Letter 50 To The Countess Of Ailesbury.  Arlington Street, Dec. 20, 1772. (page 74)

Indeed, Madam, I want you and Mr. Conway in town.  Christmas has dispersed all my company, and left nothing but a loo-party or two.  If all the fine days were not gone out of town, too, I should take the air in a morning; but I am not yet nimble enough, like old Mrs. Nugent, to jump out of a postchaise into an assembly.

You have a woful taste, my lady, not to like Lord Gower’s bonmot.  I am almost too indignant to tell you of a most amusing book in six volumes, called “Histoire Philosophique et Politique du commerce des Deux Indes."(81) It tells one every thing in the world;—­how to make conquests, invasions, blunders, settlements, bankruptcies, fortunes, etc.; tells you the natural and historical history of all nations; talks commerce, navigation, tea, coffee, china, mines, salt, spices; of the Portuguese, English, French, Dutch, Danes, Spaniards, Arabs, caravans, Persians, Indians, of Louis XIV. and the King of Prussia; of La Bourdonnais, Dupleix, and Admiral Saunders; of rice, and women that dance naked; of camels, ginghams, and muslin; of millions of millions of livres, pounds, rupees, and cowries; of iron cables, and Circassian women; of Law and the Mississippi; and against all governments and religions.  This and every thing else is in the two first volumes.  I cannot conceive what is left for the four others.  And all is so mixed, that you learn forty new trades and fifty new histories in a single chapter.  There is spirit, wit, and clearness and, if there were but less avoirdupois weight in it, it would be the richest book in the world in materials—­but figures to me are so many ciphers, and only put me in mind of children that say, an hundred hundred hundred millions.  However, it has made me learned enough to talk about Mr. Sykes and the Secret Committee,(82) which is all that any body talks of at present, and yet Mademoiselle Heinel(83) is arrived.  This is all I know, and a great deal too, considering I know nothing, and yet, were there either truth or lies, I should know them; for one hears every thing in a sick room.  Good night both!
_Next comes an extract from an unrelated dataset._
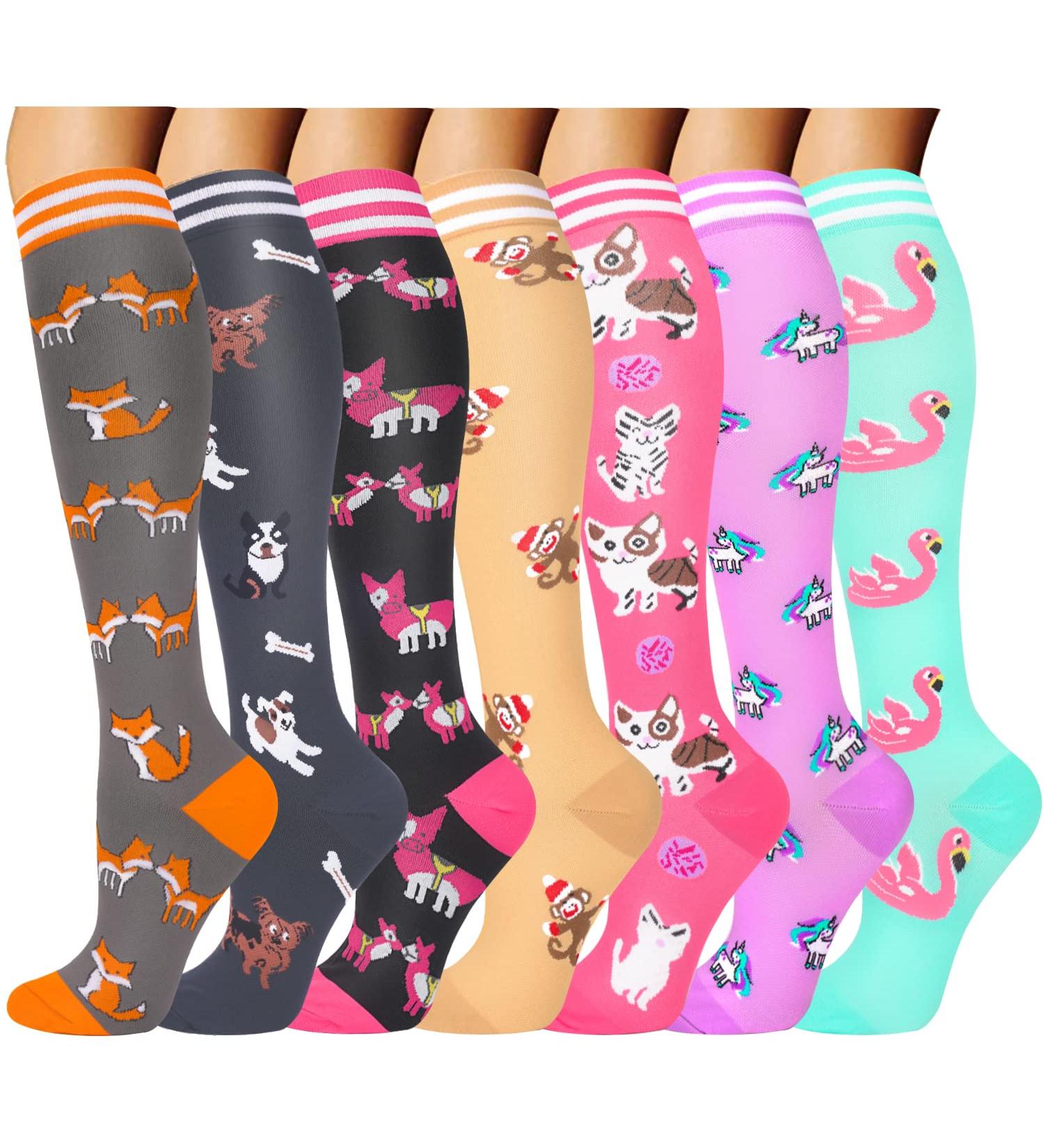 Compression Stockings for Men & Women - 20-30 mmHg Perfect for Running Travel Cycling Pregnancy - 6 Pairs S-M - Buy Online on GoSupps.com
(81) By the Abb`e Raynal. sensible of the faults of his work, the Abb`e visited England and Holland to obtain correct mercantile information, and, on his return, published an improved edition at Geneva, in ten volumes, octavo.  Hannah More relates, that, when in England, the Abb`e was introduced to Dr. Johnson, and advancing to shake his band, the Doctor drew back and put it behind him, and afterwards replied to the expostulation of a friend—­“Sir, I will not shake hands with an infidel.”  The Parliament of Paris ordered the work to be burnt, and the author to be arrested; but he retired to Spain, and, in 1788, the National Assembly cancelled the decree passed against him.  He died at Passy in 1794, at the age of eighty-five.-E.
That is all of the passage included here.